The ecosystem has matured: DGX Spark, high-end Mac Studios, AMD Strix Halo, upcoming DGX Station. Models are getting smaller and more efficient. Inference engines (llama.cpp, vLLM, SGLang) and frontends (Ollama, LMStudio, Jan) have made local deployment accessible. Yet I keep meeting more people researching this than actually deploying it.
For those running local inference: - What's your setup and use case? - Is it personal or shared across a team? - What's the real driver — privacy, regulation, latency, cost, tinkering?
I'm skeptical on cost arguments (cloud inference scales better, plus API subsidies, for now at least!), but curious if I'm missing something.
What would make local AI actually worth it for you?
I do local AI with Qwen, Whisper and another I can't remember right now.
These are all QWEN:
We do AI Invoice OCR - PDF -> Image -> Excel. Works much better than other solutions because it has invoice context so it looks for particular data to extract and ignores others. Why local? I proved it worked, no need to send our data outside for processing and it works,
We deal with photos of food packaging - I do a "photograph ingredients list and check them against our expected ingredients" - downside is it takes 2 mins per photo, I might actually push this one outside.
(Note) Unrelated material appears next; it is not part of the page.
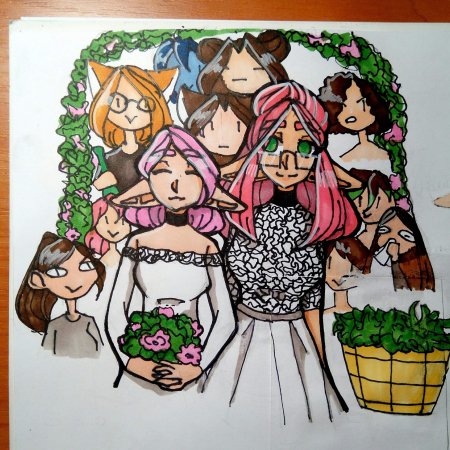 Раскраски для скетчбука аниме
Ingredients classifier - is it animal (if so what species), vegetarian, vegan, halal, kosher, alcoholic, is nut based, peanuts and more - simply no need to send it outside.
I've got a Linux chatbot helper on the "test this" pile with Qwen Coder - not evaluated it but the idea will be "type command, get it wrong, ask Qwen for the answer" - I use Claude for this but it seems a bit heavy weight and I'm curious.
tbh some of it is solution hunting - we spent $1000 on the kit to evaluate if it was worth it so I try and get some value out of it.
But it is slow, 3 hours for a recent task that took Claude API 2 minutes.
My favourite use is Whisper. I voice->text almost all of my typing now.
I've also bought a Nvidia Orin Nano but I haven't set it up yet - I want to run Whisper in the car to take voice dictation as I drive.
I work with ML professionally, almost all in cloud, I just wanted something “off grid” and unmetered, and needed a computer anyway so decided to pay a bit more and get the one I want. It’s “personal” in that it’s exclusively for me, but I have a business and bought it for that.
Still figuring out the best software, so far it looks like llama.cpp with Vulcan though I have a lot of experimenting to do and don’t currently find it optimal for what I want.
Whats your stack?
And none of that hardware can run larger models, smaller tiny ones, or highly quantized versions of larger ones sure. Or do you have something important to say?